(Short text fragments from websites)
-.-.-
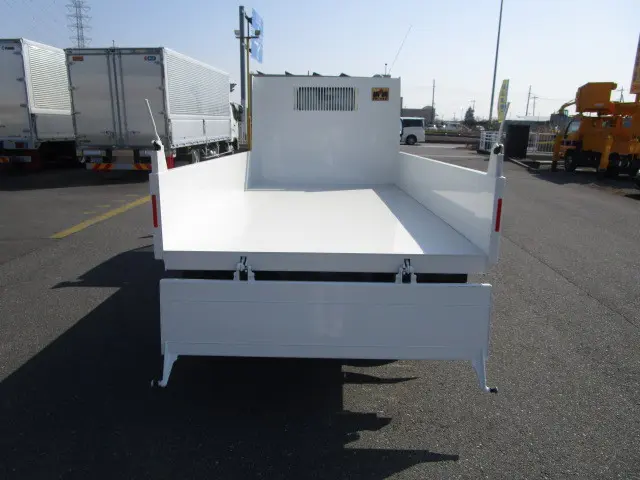 日野 デュトロ 2KG-XZU600T(2WD)の写真8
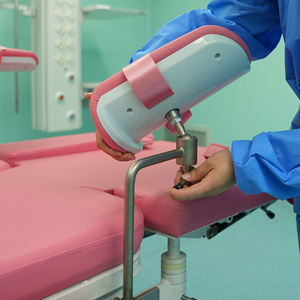<span class=keywords><strong>Table</strong></span> d'accouchement électrique gynécologique et obstétricale LK Medical Factory – <span class=keywords><strong>Table</strong></span> d'opération premium pour l'accouchement et la récupération - Product Image 6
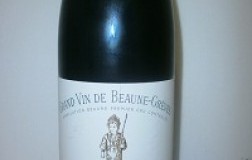 Beaune 1er Cru Vigne de LEnfant Jesus 2015 Bouchard Pere & Fils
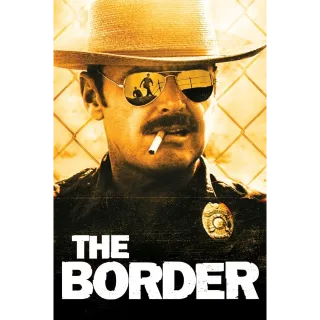 The Border (Movies Anywhere)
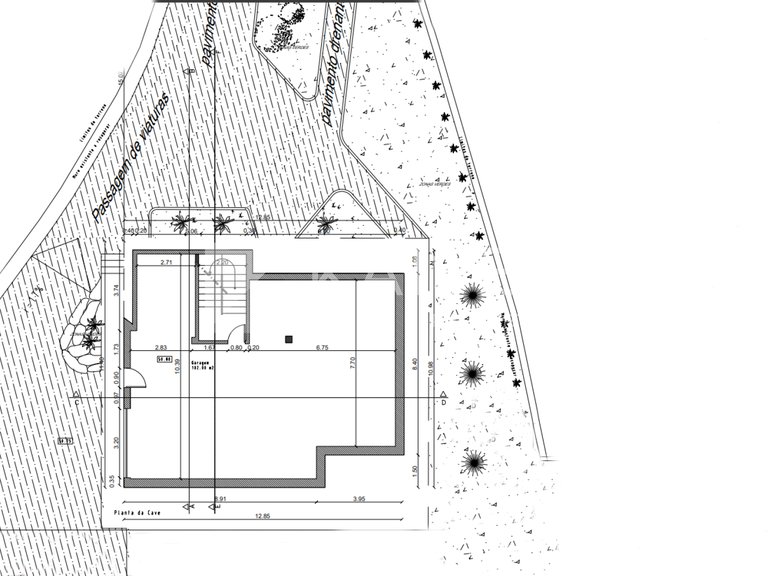 Villa for Sale in Albufeira, Albufeira 38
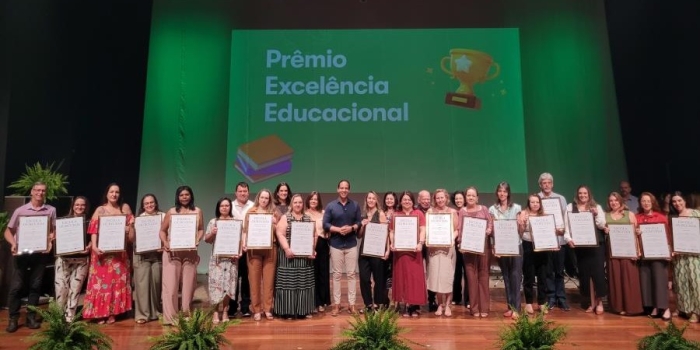 Foto de capa da notícia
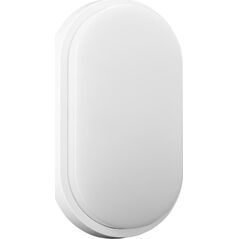 Lampa sufitowa Orno Plafoniera LED NEFRYT LED 15W 4000K IP54 biała OR-OP-6147WLPM4 13433404 5908254817564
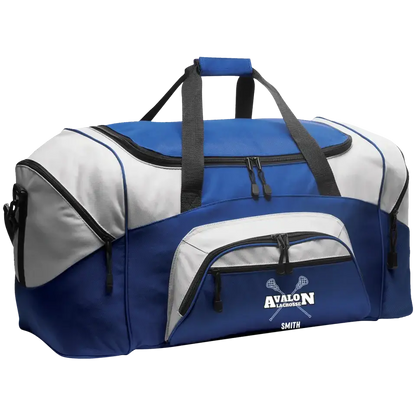 Avalon Lacrosse Bags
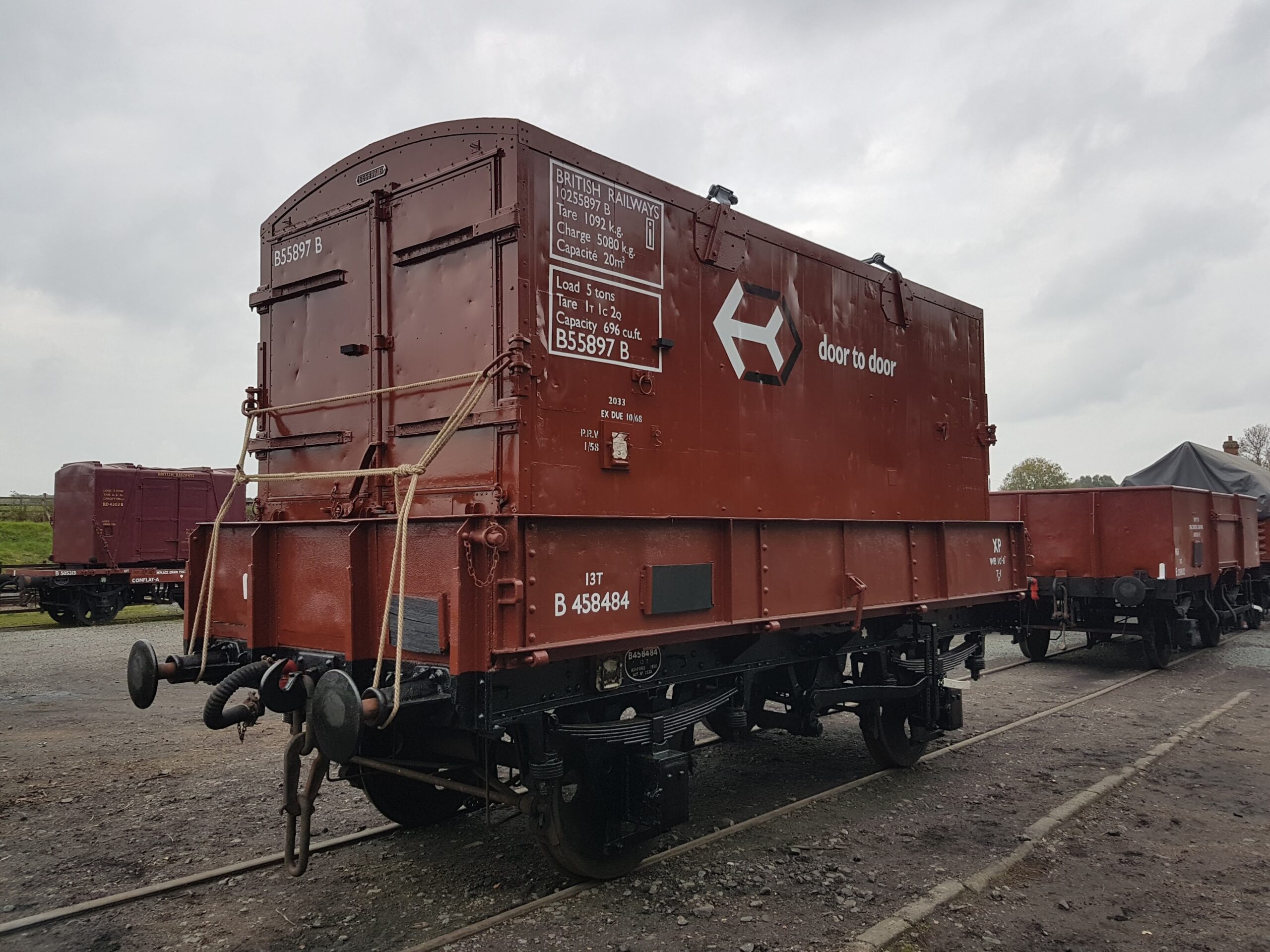 18/10/20 – Medfit Loaded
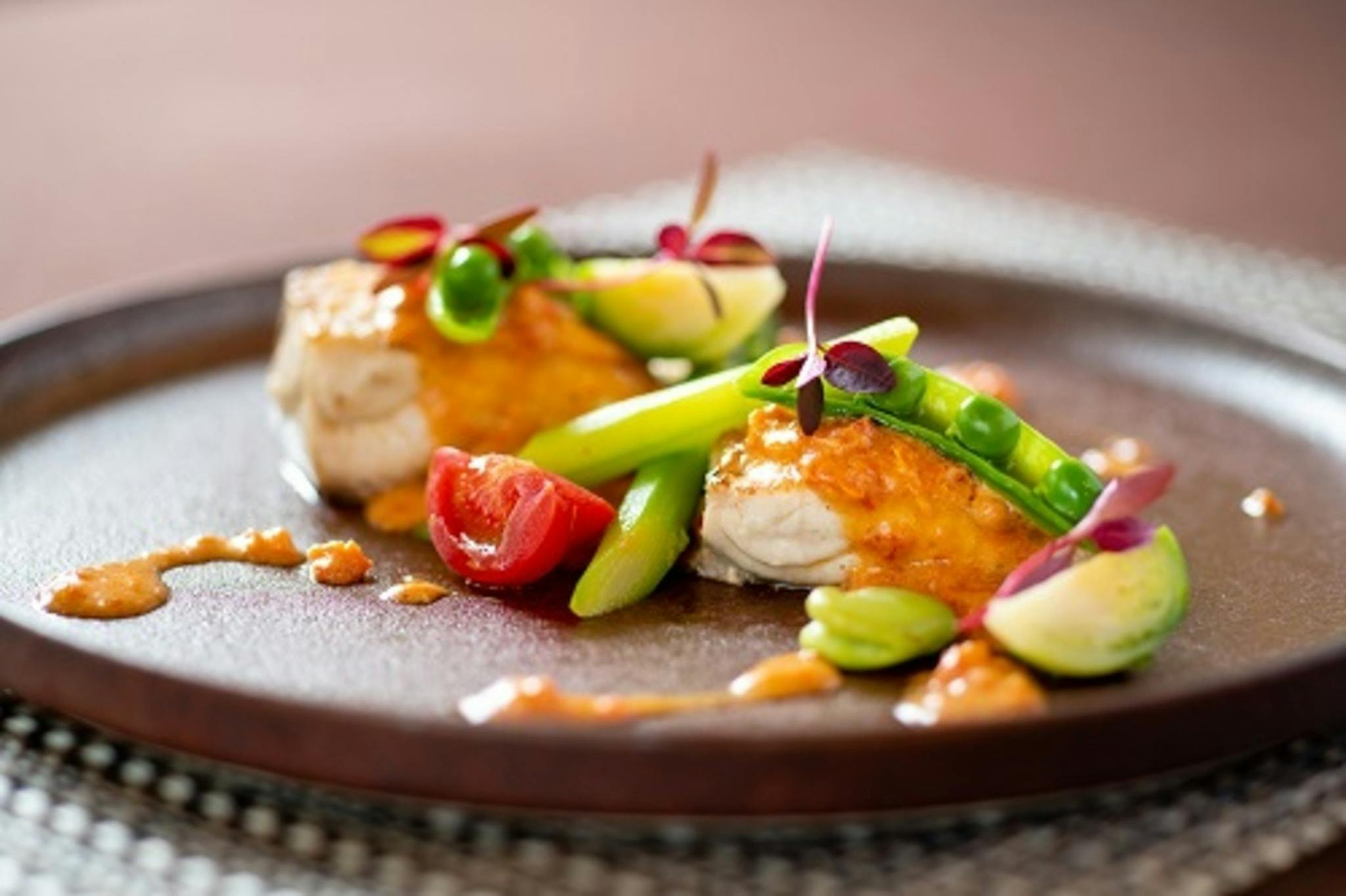 夕食※イメージです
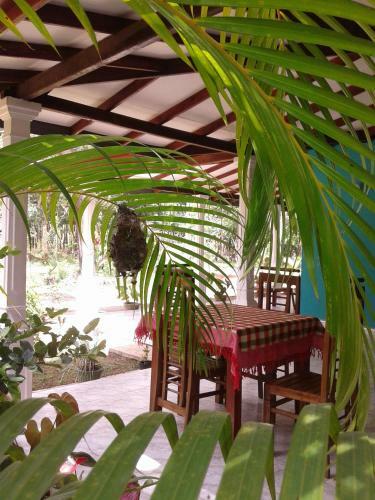 Sigiri Leisure Holiday Home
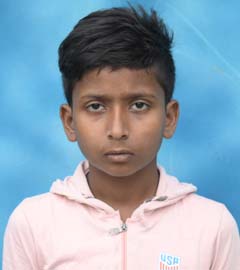 Student Photo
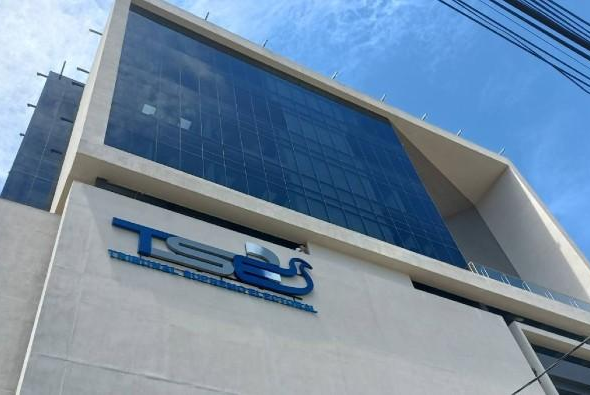 TSE llama a partidos a respetar plazos del proceso electoral 2027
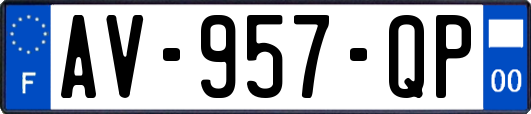 AV-957-QP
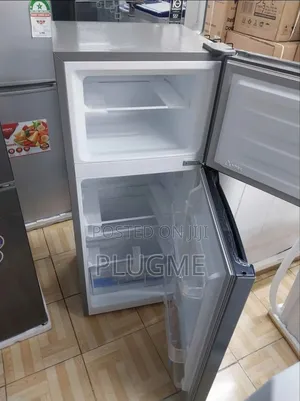 Hisense Refrigerator 120l Fridge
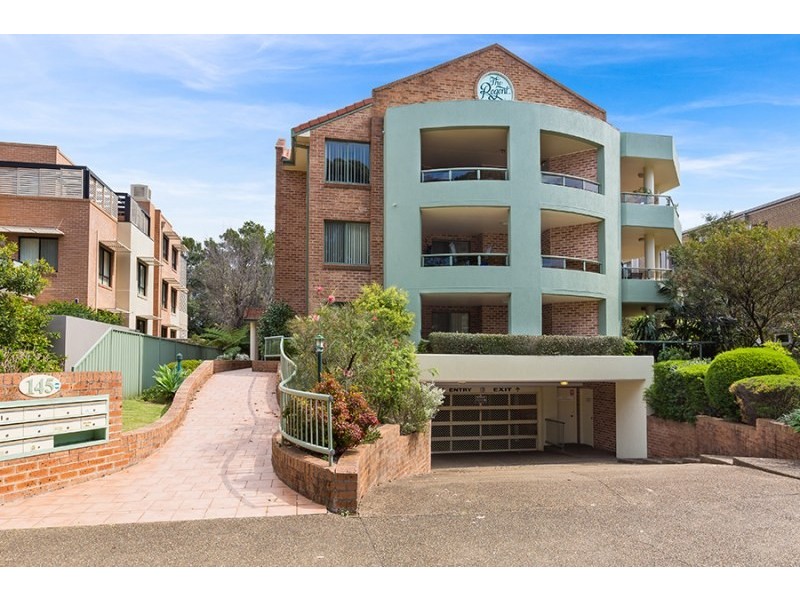 Unit 10/145 Willarong Road, Caringbah NSW 2229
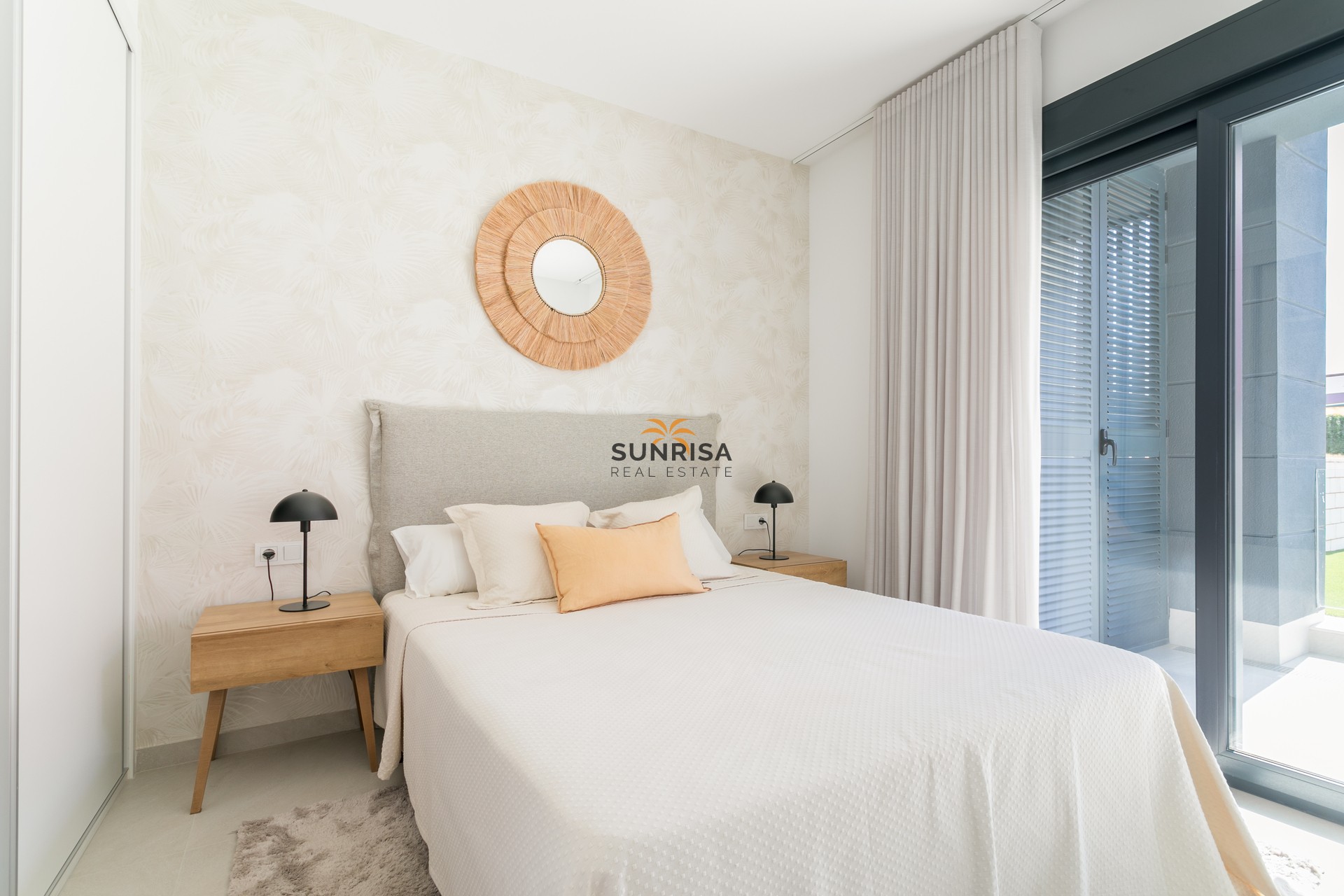 Nieuwbouwwoningen - Penthouse - Torrevieja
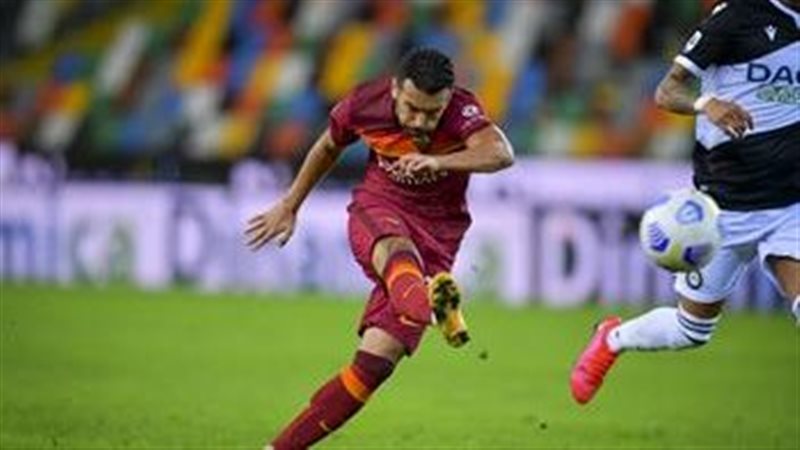 روما، فيتو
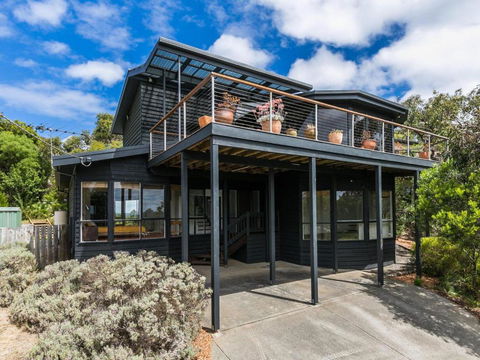 NICHE On NOBLE Ever Changing Vista - Accommodation BNB 5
-.-.-
Exercise: Copy out the entries exactly as they stand, omitting the images.

Written answer:
 日野 デュトロ 2KG-XZU600T(2WD)の写真8
<span class=keywords><strong>Table</strong></span> d'accouchement électrique gynécologique et obstétricale LK Medical Factory – <span class=keywords><strong>Table</strong></span> d'opération premium pour l'accouchement et la récupération - Product Image 6
 Beaune 1er Cru Vigne de LEnfant Jesus 2015 Bouchard Pere & Fils
 The Border (Movies Anywhere)
 Villa for Sale in Albufeira, Albufeira 38
 Foto de capa da notícia
 Lampa sufitowa Orno Plafoniera LED NEFRYT LED 15W 4000K IP54 biała OR-OP-6147WLPM4 13433404 5908254817564
 Avalon Lacrosse Bags
 18/10/20 – Medfit Loaded
 夕食※イメージです
 Sigiri Leisure Holiday Home
 Student Photo
 TSE llama a partidos a respetar plazos del proceso electoral 2027
 AV-957-QP
 Hisense Refrigerator 120l Fridge
 Unit 10/145 Willarong Road, Caringbah NSW 2229
 Nieuwbouwwoningen - Penthouse - Torrevieja
 روما، فيتو
 NICHE On NOBLE Ever Changing Vista - Accommodation BNB 5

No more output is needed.